_EXERCISE BRIEF_. From the data below, restate every line word for word.

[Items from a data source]
━━━━━━
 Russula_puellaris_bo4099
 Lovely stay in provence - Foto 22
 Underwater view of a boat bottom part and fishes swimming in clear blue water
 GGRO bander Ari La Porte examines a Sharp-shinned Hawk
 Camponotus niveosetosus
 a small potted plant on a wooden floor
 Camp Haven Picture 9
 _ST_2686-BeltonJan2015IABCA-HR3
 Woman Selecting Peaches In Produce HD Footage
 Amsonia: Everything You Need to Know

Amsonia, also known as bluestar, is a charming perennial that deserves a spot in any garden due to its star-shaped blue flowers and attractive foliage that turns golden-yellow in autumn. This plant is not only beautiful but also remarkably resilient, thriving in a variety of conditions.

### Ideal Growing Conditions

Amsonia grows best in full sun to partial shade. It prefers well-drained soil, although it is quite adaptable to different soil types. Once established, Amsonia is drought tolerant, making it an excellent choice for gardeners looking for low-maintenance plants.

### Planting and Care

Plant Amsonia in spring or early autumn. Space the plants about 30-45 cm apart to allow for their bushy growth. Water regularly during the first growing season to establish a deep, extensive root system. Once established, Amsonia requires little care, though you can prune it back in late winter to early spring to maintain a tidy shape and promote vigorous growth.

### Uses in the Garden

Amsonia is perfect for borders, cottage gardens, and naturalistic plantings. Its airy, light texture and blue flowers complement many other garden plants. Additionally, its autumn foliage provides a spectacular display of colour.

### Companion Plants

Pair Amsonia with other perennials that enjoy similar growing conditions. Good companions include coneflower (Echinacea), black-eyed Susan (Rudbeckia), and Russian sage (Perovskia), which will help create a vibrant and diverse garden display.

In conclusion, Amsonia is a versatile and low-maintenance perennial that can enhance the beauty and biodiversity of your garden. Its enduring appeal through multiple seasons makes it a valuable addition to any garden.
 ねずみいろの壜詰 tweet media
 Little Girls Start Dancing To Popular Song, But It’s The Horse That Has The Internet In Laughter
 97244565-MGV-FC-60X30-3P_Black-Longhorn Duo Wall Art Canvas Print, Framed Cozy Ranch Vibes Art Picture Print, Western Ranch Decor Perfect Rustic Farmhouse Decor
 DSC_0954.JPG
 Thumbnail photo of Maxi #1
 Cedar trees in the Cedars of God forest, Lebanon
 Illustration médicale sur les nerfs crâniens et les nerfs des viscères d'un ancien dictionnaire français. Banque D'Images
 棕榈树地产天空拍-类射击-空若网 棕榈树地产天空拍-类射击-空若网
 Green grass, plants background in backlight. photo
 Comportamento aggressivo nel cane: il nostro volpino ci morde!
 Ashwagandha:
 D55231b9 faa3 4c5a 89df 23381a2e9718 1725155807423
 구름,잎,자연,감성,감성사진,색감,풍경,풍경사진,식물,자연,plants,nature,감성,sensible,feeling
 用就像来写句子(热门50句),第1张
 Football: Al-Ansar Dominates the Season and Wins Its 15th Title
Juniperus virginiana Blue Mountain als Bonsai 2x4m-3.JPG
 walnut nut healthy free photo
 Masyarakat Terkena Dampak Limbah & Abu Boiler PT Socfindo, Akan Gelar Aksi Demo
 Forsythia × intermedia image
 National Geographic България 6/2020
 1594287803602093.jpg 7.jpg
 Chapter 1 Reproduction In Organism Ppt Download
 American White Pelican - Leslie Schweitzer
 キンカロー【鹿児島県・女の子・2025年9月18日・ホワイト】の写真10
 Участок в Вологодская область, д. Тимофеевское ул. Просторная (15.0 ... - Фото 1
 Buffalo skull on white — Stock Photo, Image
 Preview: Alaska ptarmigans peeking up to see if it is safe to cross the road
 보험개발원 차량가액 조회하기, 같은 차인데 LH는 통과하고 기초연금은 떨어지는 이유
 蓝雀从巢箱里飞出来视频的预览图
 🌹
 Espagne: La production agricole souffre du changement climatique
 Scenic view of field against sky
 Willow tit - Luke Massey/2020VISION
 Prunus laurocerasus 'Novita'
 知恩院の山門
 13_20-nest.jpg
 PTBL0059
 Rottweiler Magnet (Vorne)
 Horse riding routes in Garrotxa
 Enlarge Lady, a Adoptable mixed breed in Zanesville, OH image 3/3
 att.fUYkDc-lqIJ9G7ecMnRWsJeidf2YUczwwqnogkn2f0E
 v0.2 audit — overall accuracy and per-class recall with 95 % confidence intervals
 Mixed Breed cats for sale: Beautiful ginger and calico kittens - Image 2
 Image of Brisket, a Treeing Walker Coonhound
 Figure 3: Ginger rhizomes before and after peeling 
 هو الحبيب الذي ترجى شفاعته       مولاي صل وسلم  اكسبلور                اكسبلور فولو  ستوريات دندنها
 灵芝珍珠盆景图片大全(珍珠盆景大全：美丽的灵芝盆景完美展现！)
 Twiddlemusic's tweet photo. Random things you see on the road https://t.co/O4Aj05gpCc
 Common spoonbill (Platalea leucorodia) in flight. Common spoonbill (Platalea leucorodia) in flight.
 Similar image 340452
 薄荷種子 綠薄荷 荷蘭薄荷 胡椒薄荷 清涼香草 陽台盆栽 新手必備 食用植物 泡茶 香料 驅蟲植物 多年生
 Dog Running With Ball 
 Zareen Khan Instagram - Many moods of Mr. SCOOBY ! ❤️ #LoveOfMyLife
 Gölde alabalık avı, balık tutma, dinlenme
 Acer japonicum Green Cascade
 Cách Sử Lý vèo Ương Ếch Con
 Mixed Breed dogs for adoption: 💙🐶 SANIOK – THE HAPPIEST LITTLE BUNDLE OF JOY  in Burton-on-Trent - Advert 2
━━━━━━
_ANSWER FOR THE TASK_.
 Russula_puellaris_bo4099
 Lovely stay in provence - Foto 22
 Underwater view of a boat bottom part and fishes swimming in clear blue water
 GGRO bander Ari La Porte examines a Sharp-shinned Hawk
 Camponotus niveosetosus
 a small potted plant on a wooden floor
 Camp Haven Picture 9
 _ST_2686-BeltonJan2015IABCA-HR3
 Woman Selecting Peaches In Produce HD Footage
 Amsonia: Everything You Need to Know

Amsonia, also known as bluestar, is a charming perennial that deserves a spot in any garden due to its star-shaped blue flowers and attractive foliage that turns golden-yellow in autumn. This plant is not only beautiful but also remarkably resilient, thriving in a variety of conditions.

### Ideal Growing Conditions

Amsonia grows best in full sun to partial shade. It prefers well-drained soil, although it is quite adaptable to different soil types. Once established, Amsonia is drought tolerant, making it an excellent choice for gardeners looking for low-maintenance plants.

### Planting and Care

Plant Amsonia in spring or early autumn. Space the plants about 30-45 cm apart to allow for their bushy growth. Water regularly during the first growing season to establish a deep, extensive root system. Once established, Amsonia requires little care, though you can prune it back in late winter to early spring to maintain a tidy shape and promote vigorous growth.

### Uses in the Garden

Amsonia is perfect for borders, cottage gardens, and naturalistic plantings. Its airy, light texture and blue flowers complement many other garden plants. Additionally, its autumn foliage provides a spectacular display of colour.

### Companion Plants

Pair Amsonia with other perennials that enjoy similar growing conditions. Good companions include coneflower (Echinacea), black-eyed Susan (Rudbeckia), and Russian sage (Perovskia), which will help create a vibrant and diverse garden display.

In conclusion, Amsonia is a versatile and low-maintenance perennial that can enhance the beauty and biodiversity of your garden. Its enduring appeal through multiple seasons makes it a valuable addition to any garden.
 ねずみいろの壜詰 tweet media
 Little Girls Start Dancing To Popular Song, But It’s The Horse That Has The Internet In Laughter
 97244565-MGV-FC-60X30-3P_Black-Longhorn Duo Wall Art Canvas Print, Framed Cozy Ranch Vibes Art Picture Print, Western Ranch Decor Perfect Rustic Farmhouse Decor
 DSC_0954.JPG
 Thumbnail photo of Maxi #1
 Cedar trees in the Cedars of God forest, Lebanon
 Illustration médicale sur les nerfs crâniens et les nerfs des viscères d'un ancien dictionnaire français. Banque D'Images
 棕榈树地产天空拍-类射击-空若网 棕榈树地产天空拍-类射击-空若网
 Green grass, plants background in backlight. photo
 Comportamento aggressivo nel cane: il nostro volpino ci morde!
 Ashwagandha:
 D55231b9 faa3 4c5a 89df 23381a2e9718 1725155807423
 구름,잎,자연,감성,감성사진,색감,풍경,풍경사진,식물,자연,plants,nature,감성,sensible,feeling
 用就像来写句子(热门50句),第1张
 Football: Al-Ansar Dominates the Season and Wins Its 15th Title
Juniperus virginiana Blue Mountain als Bonsai 2x4m-3.JPG
 walnut nut healthy free photo
 Masyarakat Terkena Dampak Limbah & Abu Boiler PT Socfindo, Akan Gelar Aksi Demo
 Forsythia × intermedia image
 National Geographic България 6/2020
 1594287803602093.jpg 7.jpg
 Chapter 1 Reproduction In Organism Ppt Download
 American White Pelican - Leslie Schweitzer
 キンカロー【鹿児島県・女の子・2025年9月18日・ホワイト】の写真10
 Участок в Вологодская область, д. Тимофеевское ул. Просторная (15.0 ... - Фото 1
 Buffalo skull on white — Stock Photo, Image
 Preview: Alaska ptarmigans peeking up to see if it is safe to cross the road
 보험개발원 차량가액 조회하기, 같은 차인데 LH는 통과하고 기초연금은 떨어지는 이유
 蓝雀从巢箱里飞出来视频的预览图
 🌹
 Espagne: La production agricole souffre du changement climatique
 Scenic view of field against sky
 Willow tit - Luke Massey/2020VISION
 Prunus laurocerasus 'Novita'
 知恩院の山門
 13_20-nest.jpg
 PTBL0059
 Rottweiler Magnet (Vorne)
 Horse riding routes in Garrotxa
 Enlarge Lady, a Adoptable mixed breed in Zanesville, OH image 3/3
 att.fUYkDc-lqIJ9G7ecMnRWsJeidf2YUczwwqnogkn2f0E
 v0.2 audit — overall accuracy and per-class recall with 95 % confidence intervals
 Mixed Breed cats for sale: Beautiful ginger and calico kittens - Image 2
 Image of Brisket, a Treeing Walker Coonhound
 Figure 3: Ginger rhizomes before and after peeling 
 هو الحبيب الذي ترجى شفاعته       مولاي صل وسلم  اكسبلور                اكسبلور فولو  ستوريات دندنها
 灵芝珍珠盆景图片大全(珍珠盆景大全：美丽的灵芝盆景完美展现！)
 Twiddlemusic's tweet photo. Random things you see on the road https://t.co/O4Aj05gpCc
 Common spoonbill (Platalea leucorodia) in flight. Common spoonbill (Platalea leucorodia) in flight.
 Similar image 340452
 薄荷種子 綠薄荷 荷蘭薄荷 胡椒薄荷 清涼香草 陽台盆栽 新手必備 食用植物 泡茶 香料 驅蟲植物 多年生
 Dog Running With Ball 
 Zareen Khan Instagram - Many moods of Mr. SCOOBY ! ❤️ #LoveOfMyLife
 Gölde alabalık avı, balık tutma, dinlenme
 Acer japonicum Green Cascade
 Cách Sử Lý vèo Ương Ếch Con
 Mixed Breed dogs for adoption: 💙🐶 SANIOK – THE HAPPIEST LITTLE BUNDLE OF JOY  in Burton-on-Trent - Advert 2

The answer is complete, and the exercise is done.